To answer your question, no, Babylonia just stuck around as a one city civ for a long period of time as civs do sometimes. I think certain AI civs are dependant on a largely clear field or a single large unstable civ. Arabia is one of them. It was probably Babylon that caused more of a problem for Arabia than the respawned Byzantium did. I'm hesitant to suggest that it is too stable but thinking back Egypt and Babylon lingered. The Greek conquerors did no more than take a single city. I suspect what has changed is not the stability but the military balance since so much has been reworked. Perhaps Arabia's starting comp isn't as strong as it once was. When I get to that computer I'll reload an early save and take a look at the circumstances of the spawn.
 
For straits artwork, would modified islands work?
If they are easily distinguishable? Depends on what you're picturing.

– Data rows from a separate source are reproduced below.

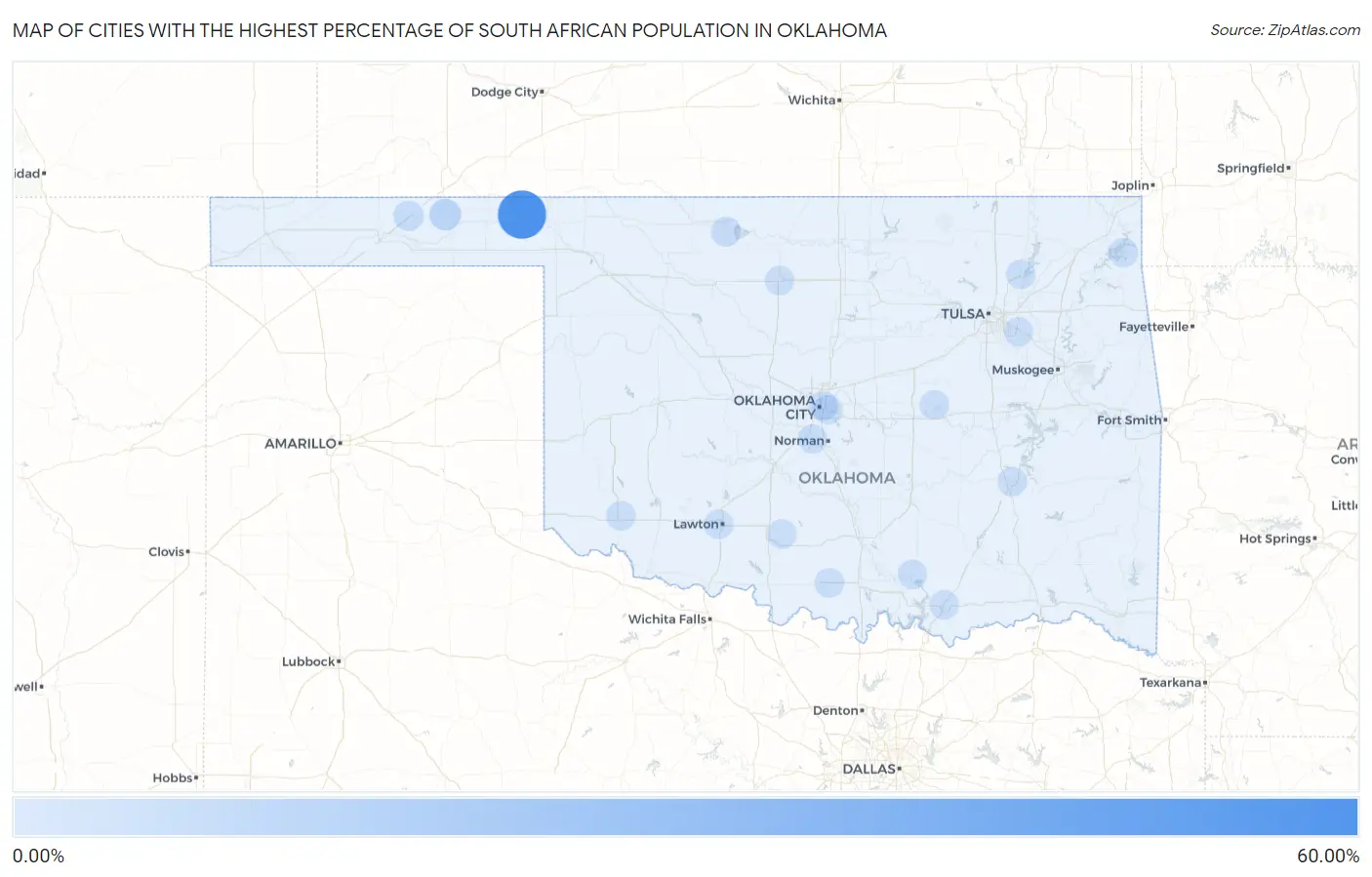 Cities with the Highest Percentage of South African Population in Oklahoma Map
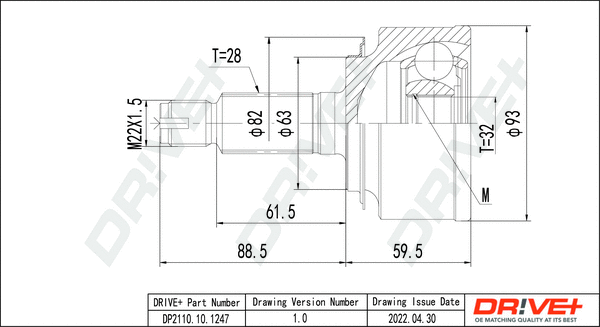 Joint Kit, drive shaft (DP2110.10.1247)
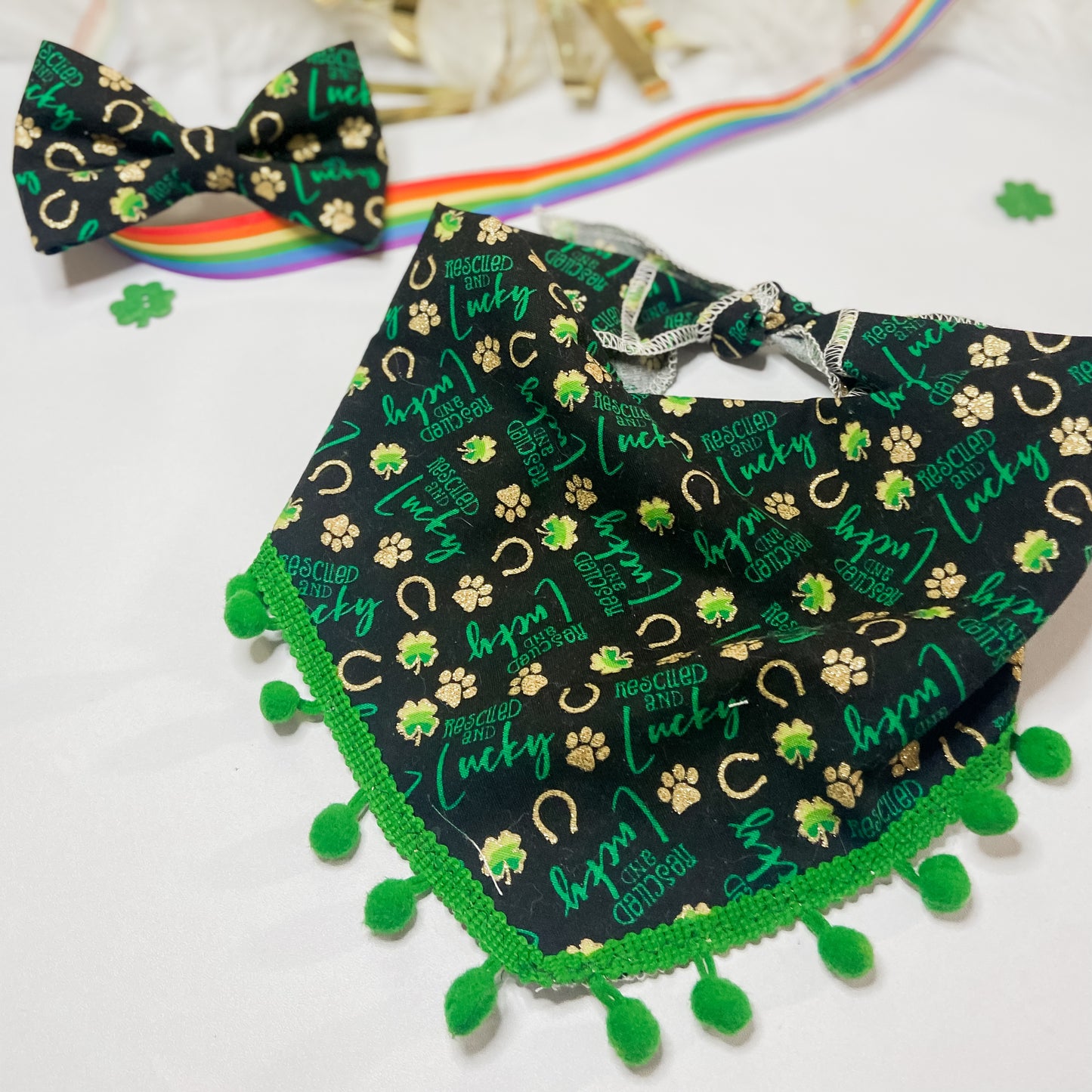 Rescued and Lucky with pom trim option dog bandana st patricks day accessory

To answer your question, no, Babylonia just stuck around as a one city civ for a long period of time as civs do sometimes. I think certain AI civs are dependant on a largely clear field or a single large unstable civ. Arabia is one of them. It was probably Babylon that caused more of a problem for Arabia than the respawned Byzantium did. I'm hesitant to suggest that it is too stable but thinking back Egypt and Babylon lingered. The Greek conquerors did no more than take a single city. I suspect what has changed is not the stability but the military balance since so much has been reworked. Perhaps Arabia's starting comp isn't as strong as it once was. When I get to that computer I'll reload an early save and take a look at the circumstances of the spawn.
Okay, so I don't think it's a problem with respawns themselves.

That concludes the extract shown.